One dismal Monday morning in the back-end of the year there were bitter words spoken in the barn at the threshing, between Thomas and his father. Retort followed retort, till, with knotted fist, the father savagely felled the youth to the ground. There was blood upon the clean yellow straw when he rose. Thomas went indoors, opened his little chest, took from it all the money he had, shook hands silently with his mother, and took his way over the Rig of Bennanbrack, never to be heard of more.
And after this ever closer and closer Yabel McQuhirr shut the door of his heart. He hardened himself under the weight of his wife's gentle sufferance and reproachful silences. He gripped his hands together when, with the corner of an eye that would not humble itself to look, he saw the tear trickling down the wasted cheek. He uttered no word of sorrow for the past, nor did the name of either of his departed sons pass his lips.

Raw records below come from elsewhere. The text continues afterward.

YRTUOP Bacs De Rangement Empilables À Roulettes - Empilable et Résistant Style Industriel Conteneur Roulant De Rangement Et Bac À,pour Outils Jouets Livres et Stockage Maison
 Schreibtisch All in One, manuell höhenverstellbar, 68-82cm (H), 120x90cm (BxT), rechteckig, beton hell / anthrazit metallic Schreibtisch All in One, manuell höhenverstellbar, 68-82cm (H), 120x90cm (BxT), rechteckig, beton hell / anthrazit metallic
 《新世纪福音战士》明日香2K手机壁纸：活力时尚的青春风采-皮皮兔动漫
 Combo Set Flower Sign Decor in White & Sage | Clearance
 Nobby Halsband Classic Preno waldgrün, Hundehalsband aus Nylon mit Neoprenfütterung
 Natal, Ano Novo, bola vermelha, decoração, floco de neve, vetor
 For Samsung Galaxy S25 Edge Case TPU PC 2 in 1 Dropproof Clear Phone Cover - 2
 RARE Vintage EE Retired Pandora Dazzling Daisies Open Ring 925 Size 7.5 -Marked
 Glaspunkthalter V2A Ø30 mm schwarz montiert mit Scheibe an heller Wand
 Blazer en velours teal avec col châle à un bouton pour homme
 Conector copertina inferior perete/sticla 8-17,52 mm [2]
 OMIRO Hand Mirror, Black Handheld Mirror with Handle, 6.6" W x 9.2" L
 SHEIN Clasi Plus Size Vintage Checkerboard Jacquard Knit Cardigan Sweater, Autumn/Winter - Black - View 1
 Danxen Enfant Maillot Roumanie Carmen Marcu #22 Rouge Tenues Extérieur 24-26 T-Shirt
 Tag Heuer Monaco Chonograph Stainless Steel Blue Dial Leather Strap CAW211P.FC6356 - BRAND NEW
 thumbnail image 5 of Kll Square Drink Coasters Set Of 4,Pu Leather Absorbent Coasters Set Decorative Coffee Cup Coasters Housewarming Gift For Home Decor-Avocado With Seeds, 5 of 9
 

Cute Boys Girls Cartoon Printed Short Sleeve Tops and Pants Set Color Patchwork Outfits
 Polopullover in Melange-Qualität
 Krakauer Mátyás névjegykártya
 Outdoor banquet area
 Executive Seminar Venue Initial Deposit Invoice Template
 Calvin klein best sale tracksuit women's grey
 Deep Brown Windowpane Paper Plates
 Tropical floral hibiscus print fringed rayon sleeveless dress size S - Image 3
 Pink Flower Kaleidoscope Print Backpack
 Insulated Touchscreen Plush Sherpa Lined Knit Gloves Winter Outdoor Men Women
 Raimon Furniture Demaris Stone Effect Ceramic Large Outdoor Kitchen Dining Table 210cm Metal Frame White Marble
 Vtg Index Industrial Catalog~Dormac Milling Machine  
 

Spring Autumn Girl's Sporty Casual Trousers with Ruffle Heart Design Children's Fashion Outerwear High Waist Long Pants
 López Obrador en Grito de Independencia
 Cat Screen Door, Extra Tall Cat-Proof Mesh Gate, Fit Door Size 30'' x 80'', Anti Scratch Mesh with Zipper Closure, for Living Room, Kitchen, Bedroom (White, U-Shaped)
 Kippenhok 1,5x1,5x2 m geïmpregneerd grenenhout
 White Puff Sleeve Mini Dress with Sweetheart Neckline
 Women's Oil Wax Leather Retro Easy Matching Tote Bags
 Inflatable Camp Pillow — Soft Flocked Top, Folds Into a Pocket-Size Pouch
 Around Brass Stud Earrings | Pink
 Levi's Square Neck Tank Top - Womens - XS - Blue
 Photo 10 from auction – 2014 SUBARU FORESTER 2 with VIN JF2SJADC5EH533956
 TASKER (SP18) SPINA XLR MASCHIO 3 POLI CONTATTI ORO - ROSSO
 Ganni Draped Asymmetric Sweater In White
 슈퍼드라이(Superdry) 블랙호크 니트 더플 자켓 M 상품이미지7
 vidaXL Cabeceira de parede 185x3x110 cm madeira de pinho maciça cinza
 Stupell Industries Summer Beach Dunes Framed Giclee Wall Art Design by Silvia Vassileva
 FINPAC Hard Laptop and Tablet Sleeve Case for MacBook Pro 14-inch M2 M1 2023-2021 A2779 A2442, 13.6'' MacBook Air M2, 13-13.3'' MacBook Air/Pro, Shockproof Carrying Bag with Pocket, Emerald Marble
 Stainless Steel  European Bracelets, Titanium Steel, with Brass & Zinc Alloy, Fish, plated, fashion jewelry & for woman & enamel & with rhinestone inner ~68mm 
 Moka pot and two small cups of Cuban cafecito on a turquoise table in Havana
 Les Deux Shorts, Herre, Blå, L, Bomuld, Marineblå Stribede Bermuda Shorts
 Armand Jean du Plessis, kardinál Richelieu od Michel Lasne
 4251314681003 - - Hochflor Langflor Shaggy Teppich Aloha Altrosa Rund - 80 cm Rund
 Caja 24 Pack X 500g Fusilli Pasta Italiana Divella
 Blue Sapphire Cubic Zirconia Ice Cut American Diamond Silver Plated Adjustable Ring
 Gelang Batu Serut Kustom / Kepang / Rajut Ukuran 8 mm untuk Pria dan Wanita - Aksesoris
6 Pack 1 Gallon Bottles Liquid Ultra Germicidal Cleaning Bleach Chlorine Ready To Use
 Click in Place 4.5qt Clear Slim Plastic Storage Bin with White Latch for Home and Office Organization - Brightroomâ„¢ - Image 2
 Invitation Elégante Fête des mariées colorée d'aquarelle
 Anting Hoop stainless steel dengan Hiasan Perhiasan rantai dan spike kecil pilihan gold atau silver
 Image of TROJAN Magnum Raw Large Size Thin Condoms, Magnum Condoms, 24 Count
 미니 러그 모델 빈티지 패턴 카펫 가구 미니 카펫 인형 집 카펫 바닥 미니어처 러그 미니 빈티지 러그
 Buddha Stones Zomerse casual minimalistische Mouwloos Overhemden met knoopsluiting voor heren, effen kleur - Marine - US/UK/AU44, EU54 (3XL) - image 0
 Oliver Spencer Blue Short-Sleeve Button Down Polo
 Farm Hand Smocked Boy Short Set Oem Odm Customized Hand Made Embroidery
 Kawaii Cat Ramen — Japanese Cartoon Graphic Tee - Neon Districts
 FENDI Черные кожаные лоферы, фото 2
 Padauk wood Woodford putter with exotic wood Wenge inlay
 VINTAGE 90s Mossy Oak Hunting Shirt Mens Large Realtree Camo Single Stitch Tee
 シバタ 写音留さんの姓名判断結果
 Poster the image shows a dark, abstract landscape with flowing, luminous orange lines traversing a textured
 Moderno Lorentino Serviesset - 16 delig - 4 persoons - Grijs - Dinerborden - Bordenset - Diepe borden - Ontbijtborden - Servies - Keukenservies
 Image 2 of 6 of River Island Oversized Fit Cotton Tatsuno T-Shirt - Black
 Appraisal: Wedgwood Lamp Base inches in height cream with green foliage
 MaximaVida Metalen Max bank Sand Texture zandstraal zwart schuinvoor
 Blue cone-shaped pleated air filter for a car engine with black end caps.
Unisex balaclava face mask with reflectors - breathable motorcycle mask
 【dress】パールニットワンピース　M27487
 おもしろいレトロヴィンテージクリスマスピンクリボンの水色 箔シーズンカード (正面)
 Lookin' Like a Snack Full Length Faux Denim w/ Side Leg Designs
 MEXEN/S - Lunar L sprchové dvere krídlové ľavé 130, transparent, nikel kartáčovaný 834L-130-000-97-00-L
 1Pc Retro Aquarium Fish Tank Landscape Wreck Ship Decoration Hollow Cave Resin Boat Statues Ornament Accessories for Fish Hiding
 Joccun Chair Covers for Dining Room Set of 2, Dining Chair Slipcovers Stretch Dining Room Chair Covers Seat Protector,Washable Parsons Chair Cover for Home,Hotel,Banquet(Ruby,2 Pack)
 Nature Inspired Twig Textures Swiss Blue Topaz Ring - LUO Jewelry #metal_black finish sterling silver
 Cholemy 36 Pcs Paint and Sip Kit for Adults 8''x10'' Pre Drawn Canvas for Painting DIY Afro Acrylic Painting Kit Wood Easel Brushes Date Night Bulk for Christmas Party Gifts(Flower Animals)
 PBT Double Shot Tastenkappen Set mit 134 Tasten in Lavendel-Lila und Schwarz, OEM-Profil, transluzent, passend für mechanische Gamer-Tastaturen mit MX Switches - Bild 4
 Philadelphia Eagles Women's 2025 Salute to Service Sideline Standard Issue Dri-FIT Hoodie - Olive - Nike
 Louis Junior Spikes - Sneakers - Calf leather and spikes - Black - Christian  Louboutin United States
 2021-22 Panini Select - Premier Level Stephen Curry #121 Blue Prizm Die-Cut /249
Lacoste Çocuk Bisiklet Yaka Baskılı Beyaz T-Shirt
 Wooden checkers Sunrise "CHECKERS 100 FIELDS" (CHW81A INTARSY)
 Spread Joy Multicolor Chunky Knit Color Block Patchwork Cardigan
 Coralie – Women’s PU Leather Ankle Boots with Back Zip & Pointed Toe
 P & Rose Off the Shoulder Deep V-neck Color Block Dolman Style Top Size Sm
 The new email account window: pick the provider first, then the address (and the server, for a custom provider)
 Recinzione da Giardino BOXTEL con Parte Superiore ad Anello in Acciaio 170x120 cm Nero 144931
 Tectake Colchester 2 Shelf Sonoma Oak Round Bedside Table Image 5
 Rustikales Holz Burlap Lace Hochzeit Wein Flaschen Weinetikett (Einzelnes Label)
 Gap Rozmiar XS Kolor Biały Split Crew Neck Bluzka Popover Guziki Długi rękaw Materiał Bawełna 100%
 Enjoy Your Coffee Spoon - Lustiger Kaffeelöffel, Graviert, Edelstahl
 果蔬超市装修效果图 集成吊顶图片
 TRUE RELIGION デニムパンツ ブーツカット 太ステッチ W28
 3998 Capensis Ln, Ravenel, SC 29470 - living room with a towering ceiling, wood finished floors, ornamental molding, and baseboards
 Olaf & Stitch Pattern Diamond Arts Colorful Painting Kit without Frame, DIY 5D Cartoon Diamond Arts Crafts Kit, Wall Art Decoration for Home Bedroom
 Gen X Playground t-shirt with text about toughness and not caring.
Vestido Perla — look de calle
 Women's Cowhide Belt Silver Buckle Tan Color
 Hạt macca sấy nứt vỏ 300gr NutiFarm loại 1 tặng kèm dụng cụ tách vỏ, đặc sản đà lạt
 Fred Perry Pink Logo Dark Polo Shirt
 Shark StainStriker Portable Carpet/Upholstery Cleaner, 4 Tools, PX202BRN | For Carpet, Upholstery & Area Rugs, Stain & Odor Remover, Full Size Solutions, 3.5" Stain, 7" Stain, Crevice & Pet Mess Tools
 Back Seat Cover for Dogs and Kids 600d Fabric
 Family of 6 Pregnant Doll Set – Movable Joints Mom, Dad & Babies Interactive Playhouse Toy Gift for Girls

Nevertheless, he grew markedly kinder in deed to Abel, the one son who remained—not much kinder in word perhaps, for still that loud and angry voice could be heard coming from field and meadow, barn or byre, till the fearful mother would steal silent-footed to the kitchen-door lest the last part of her threefold sorrow should indeed have come upon her. But not in this manner was the blow to fall.
Abel was the least worthy but greatly the handsomest of the sons of Yabel McQuhirr. He had a large visiting acquaintance among the farm-towns, and often did not seek his garret-bed till the small hours of the morning. Then his mother, awake and vigilant, would incline her ear on the pillow to hear whether her husband was asleep beside her.
Now, oftentimes Yabel, her husband, slept not, yet for his wife's sake, and perhaps because Abel, with his bright smile and clean-limbed figure, reminded him of a wild youth he had long put behind him, he bore with the lad, even to giving him in one short year more money to spend than had been his brothers' portion during all the time they had faithfully served their father.